In this homework, you'll explore using BERT and SentenceTransformers into the Lesk algorithm for word sense disambiguation.  (You'll likely want to run this on Colab.)

In [None]:
!pip install transformers
!pip install sentence-transformers

In [None]:
from transformers import BertModel, BertTokenizer
import numpy as np
from nltk.corpus import wordnet as wn
import nltk
from scipy.spatial.distance import cosine
import operator
import torch
from math import sqrt

In [None]:
nltk.download('wordnet')

In [None]:
tokenizer = BertTokenizer.from_pretrained('bert-base-uncased')
model = BertModel.from_pretrained('bert-base-uncased')

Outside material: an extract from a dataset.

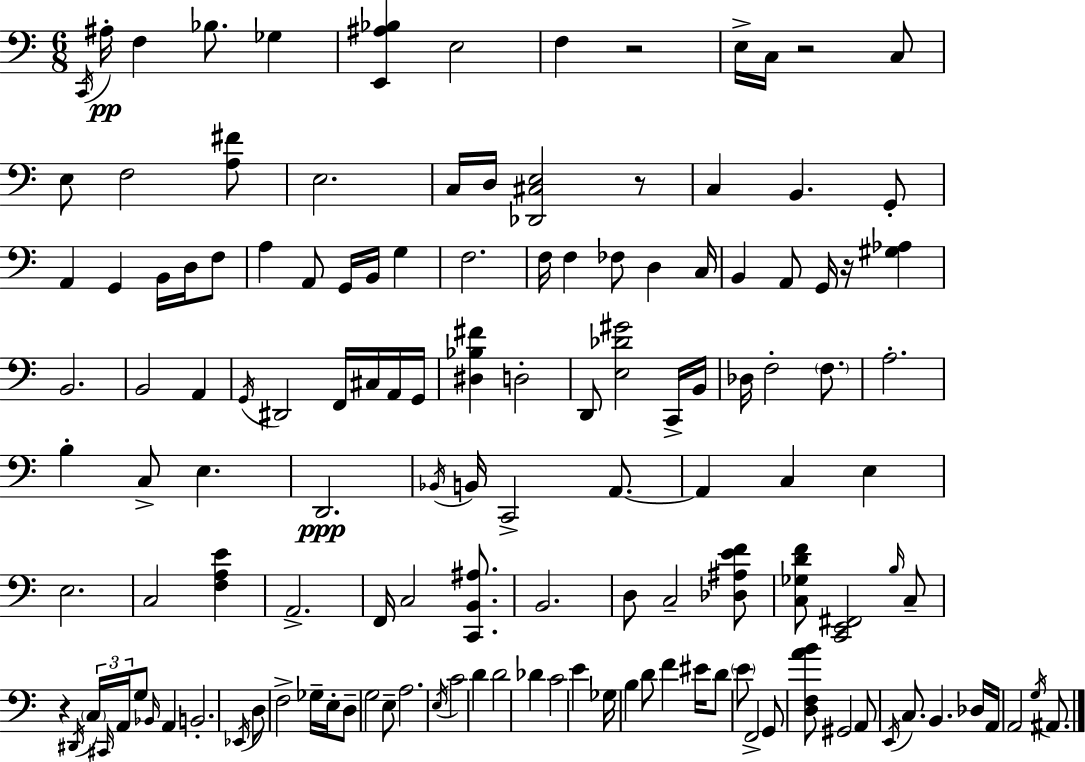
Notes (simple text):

C2/s A#3/s F3/q Bb3/e. Gb3/q [E2,A#3,Bb3]/q E3/h F3/q R/h E3/s C3/s R/h C3/e E3/e F3/h [A3,F#4]/e E3/h. C3/s D3/s [Db2,C#3,E3]/h R/e C3/q B2/q. G2/e A2/q G2/q B2/s D3/s F3/e A3/q A2/e G2/s B2/s G3/q F3/h. F3/s F3/q FES3/e D3/q C3/s B2/q A2/e G2/s R/s [G#3,Ab3]/q B2/h. B2/h A2/q G2/s D#2/h F2/s C#3/s A2/s G2/s [D#3,Bb3,F#4]/q D3/h D2/e [E3,Db4,G#4]/h C2/s B2/s Db3/s F3/h F3/e. A3/h. B3/q C3/e E3/q. D2/h. Bb2/s B2/s C2/h A2/e. A2/q C3/q E3/q E3/h. C3/h [F3,A3,E4]/q A2/h. F2/s C3/h [C2,B2,A#3]/e. B2/h. D3/e C3/h [Db3,A#3,E4,F4]/e [C3,Gb3,D4,F4]/e [C2,E2,F#2]/h B3/s C3/e R/q D#2/s C3/s C#2/s A2/s G3/e Bb2/s A2/q B2/h. Eb2/s D3/e F3/h Gb3/s E3/s D3/e G3/h E3/e A3/h. E3/s C4/h D4/q D4/h Db4/q C4/h E4/q Gb3/s B3/q D4/e F4/q EIS4/s D4/e E4/e F2/h G2/e [D3,F3,A4,B4]/e G#2/h A2/e E2/s C3/e. B2/q. Db3/s A2/s A2/h G3/s A#2/e.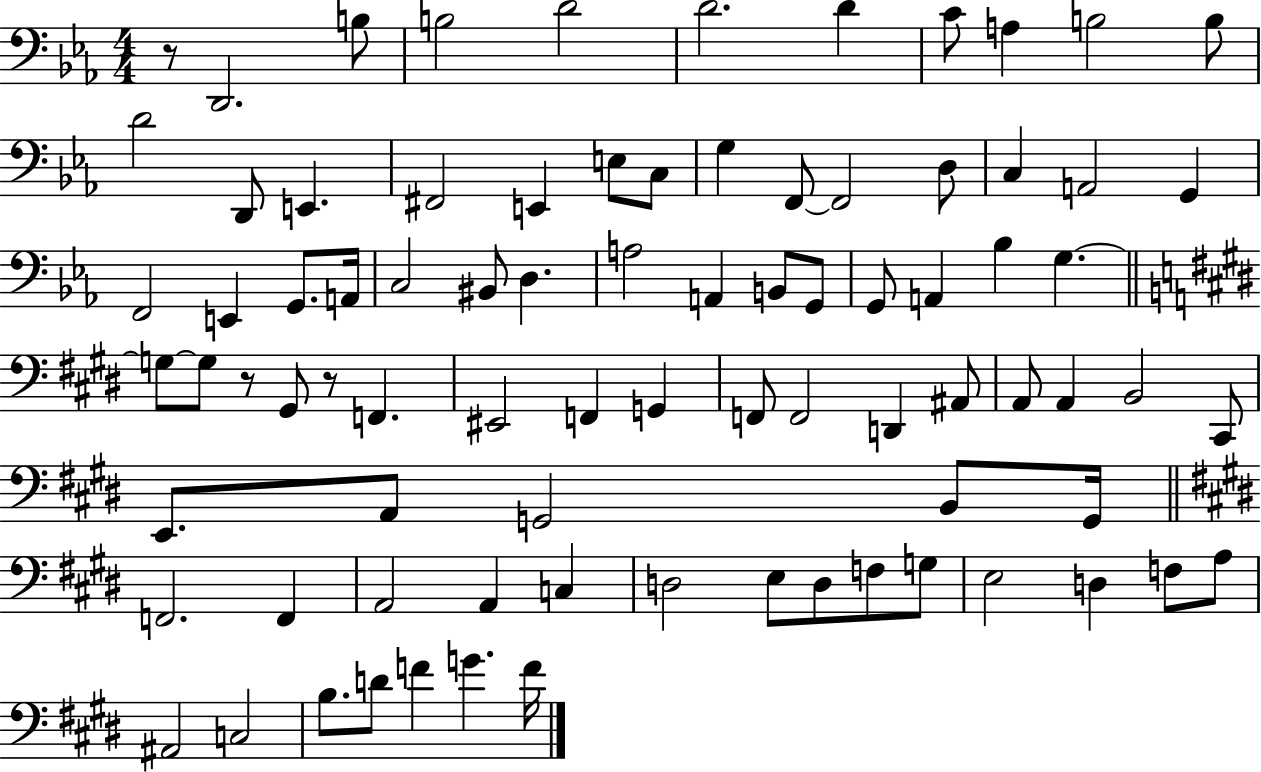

**Q1:** The Lesk algorithm we discussed in class uses information about the *context* around a term in calculating the similarity between a word in a sentence and a word in a dictionary gloss.  For instance, [Basile et al. 2014](https://www.aclweb.org/anthology/C/C14/C14-1151.pdf) use static word vectors to provide this context-level information, where we measure the similarity between a gloss g = $\{ g_1, \ldots, g_G \}$ and context c = $\{ c_1, \ldots, c_C \}$ as the cosine similarity between the sum of distributed representations:

$$
\cos \left(\sum_{i=1}^G g_i, \sum_{i=1}^C c_i  \right)
$$

However, over the past few weeks we've considered how contextual language models like BERT already provide a sentence-level contextualization for words.  So given a target sentence ("I withdrew money from the *bank*") with target term (bank), and a list of dictionary glosses/examples corresponding to different senses ("A bank is a financial institution" = bank1; "A bank is the side of a river" = bank2), let's adapt the Lesk algorithm to simply calculate the similarity between the average BERT embedding for all words in the target sentence (including the [CLS] and [SEP] tokens) and the average BERT embedding for all the words in the sense gloss (again including [CLS] and [SEP]):

$$
\cos \left({1 \over G}\sum_{i=1}^G BERT(g_{i}), {1 \over C} \sum_{j=1}^C BERT(c_{j}) \right)
$$


* The gloss for a synset can be found in `synset.definition()`.
* You can find the cosine similarity between two vectors below.
* `wn.synsets(word, pos=part_of_speech)` gets you a list of the synsets for a word with a specific part of speech (e.g., "n" for noun)
* Feel free to draw on the code you've already seen for getting the BERT embeddings for words (e.g., `3.embeddings/BERT.ipynb`).

In [None]:
def cosine_similarity(vec1, vec2):
  return np.dot(vec1, vec2)/(sqrt(np.dot(vec1, vec1)) * sqrt(np.dot(vec2, vec2)))

In [None]:
def bert_lesk(word, sentence, part_of_speech):

    def get_bert_for_token(string, term):

        # your code here

        return


    context_vector=get_bert_for_token(sentence, word)

    synsets=...

    vals={}
    for synset in synsets:
        vector=get_bert_for_token(...)
        vals[synset]=cosine_similarity(...)

    sorted_x = sorted(vals.items(), key=operator.itemgetter(1), reverse=True)
    for k,v in sorted_x:
        print("%.3f\t%s\t%s"% (v,k,k.definition()))


Execute the following two cells to check whether your implementation distinguishes between these two senses of "bank".

In [None]:
bert_lesk("bank", "I deposited my money into my savings account at the bank", "n")

In [None]:
bert_lesk("bank", "I ran along the river bank", "n")

Q2.  Now do the same thing with SentenceBERT.  For a gloss $g$ and a target sentence $c$ containing the word to disambiguate, calculate the similarity between them as the cosine similarity of the SentenceBERT vectors of each one:

$$
\cos \left(\textrm{SBERT}(g), \textrm{SBERT}(c) \right)
$$


In [None]:
from sentence_transformers import SentenceTransformer
sentence_model = SentenceTransformer('sentence-transformers/all-distilroberta-v1')

In [None]:
def sentencebert_lesk(word, sentence, part_of_speech):

    # your code here

    vals={}

    # your code here

    sorted_x = sorted(vals.items(), key=operator.itemgetter(1), reverse=True)
    for k,v in sorted_x:
        print("%.3f\t%s\t%s"% (v,k,k.definition()))


Execute the following two cells to check whether your implementation of SentenceBERT-Lesk distinguishes between these two senses of "bank".

In [None]:
sentencebert_lesk("bank", "I deposited my money into my savings account at the bank", "n")

In [None]:
sentencebert_lesk("bank", "I ran along the river bank", "n")

To turn in:

- Go to `File > Download > Download .ipynb` and save your notebook.
- In your browser, print this page to save as PDF.
- Upload both your .ipynb and .pdf files to bCourses as usual.